Hi team,
Thank you for the wonderful course. I have a question regarding the train/ eval split on the time series dataset.
In the lab, we use ExampleGen to do train/ eval split. Doesn’t this break the continuity of the timestep?
Say problem is to use HISTORY_SIZE = 2 (x_t-1, x_t) to FUTURE_TARGET=1 (y_t+1).
And we have the time series data with 6 data points [(x0, y0), (x1, y1), …, (x8, y8)] where x_i is the feature vector at the time index i and y_i is the label at the time step i.
Then we get something like
train: [(x0, y0), (x1, y1), (x2, y2), (x5, y5), (x7, y7), (x8, y8)]

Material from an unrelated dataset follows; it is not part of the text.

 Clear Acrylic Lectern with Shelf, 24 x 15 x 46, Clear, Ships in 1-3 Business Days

val: [(x3, y3), (x4, y4), (x6, y6)]
Then in the training batch, we can have something like this
training datapoints (features list, target list) : ([x1, x2], y5)
Does this make sense? Or did I misunderstood something?

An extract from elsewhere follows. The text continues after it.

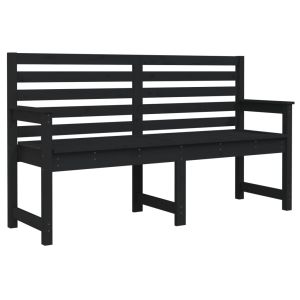 vidaXL banco de jardín madera maciza pino negro 159,5x48x91,5 cm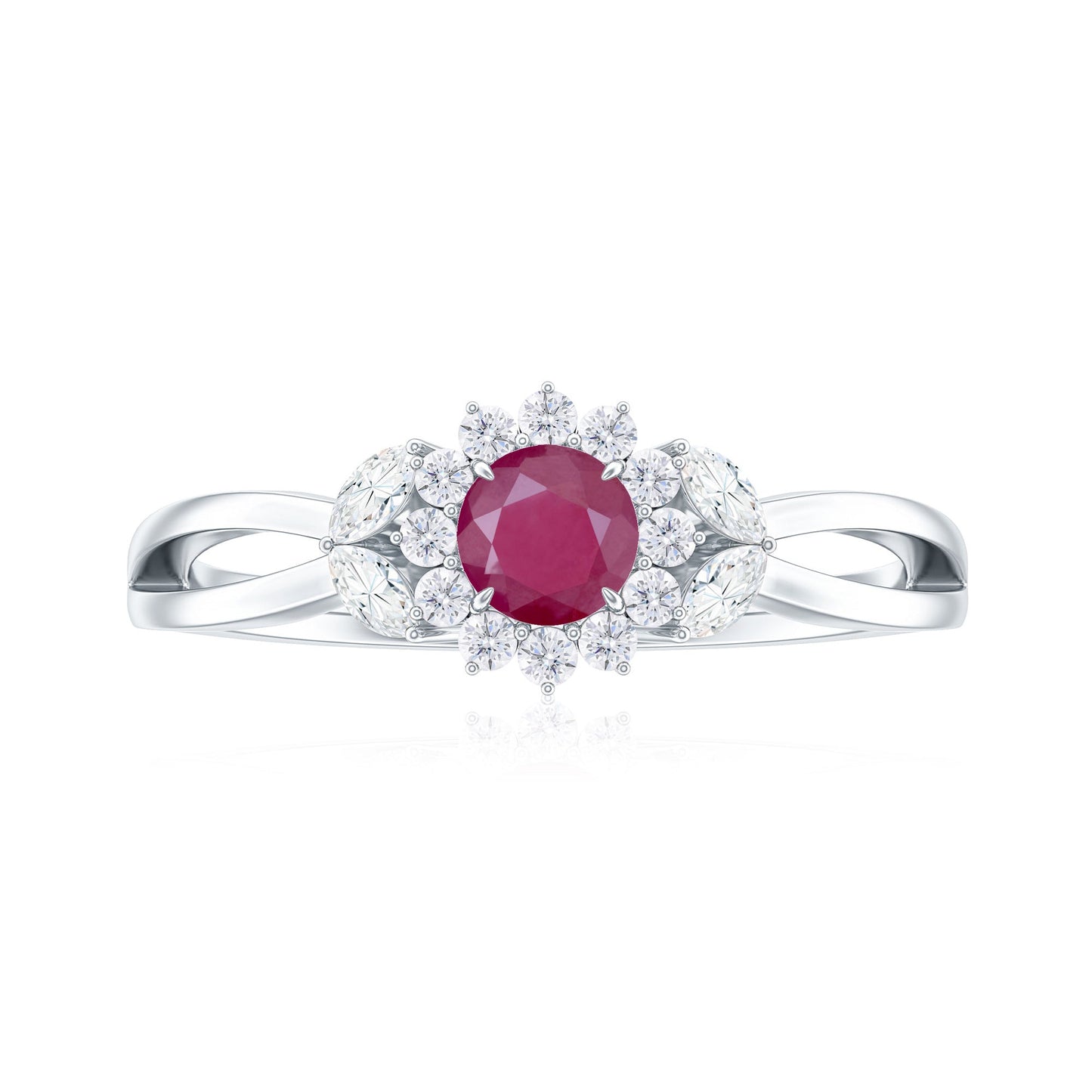 Nature Inspired Ruby Engagement Ring with Diamond for Women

I am confused if this is the way to split the train/ eval data especially when we are trying to prepare the data to train LSTM network as stated in the notebook?
Shouldn’t we do it like this?
train: [(x0, y0), (x1, y1), (x2, y2), (x3, y3), (x4, y4), (x5, y5)]
val: [(x6, y6), (x7, y7), (x8, y8)]
But again for this case, we might introduce the distribution shift to the train/ val because the features/ target itself might have trends which vary over time.
Best Regards,
surfii3z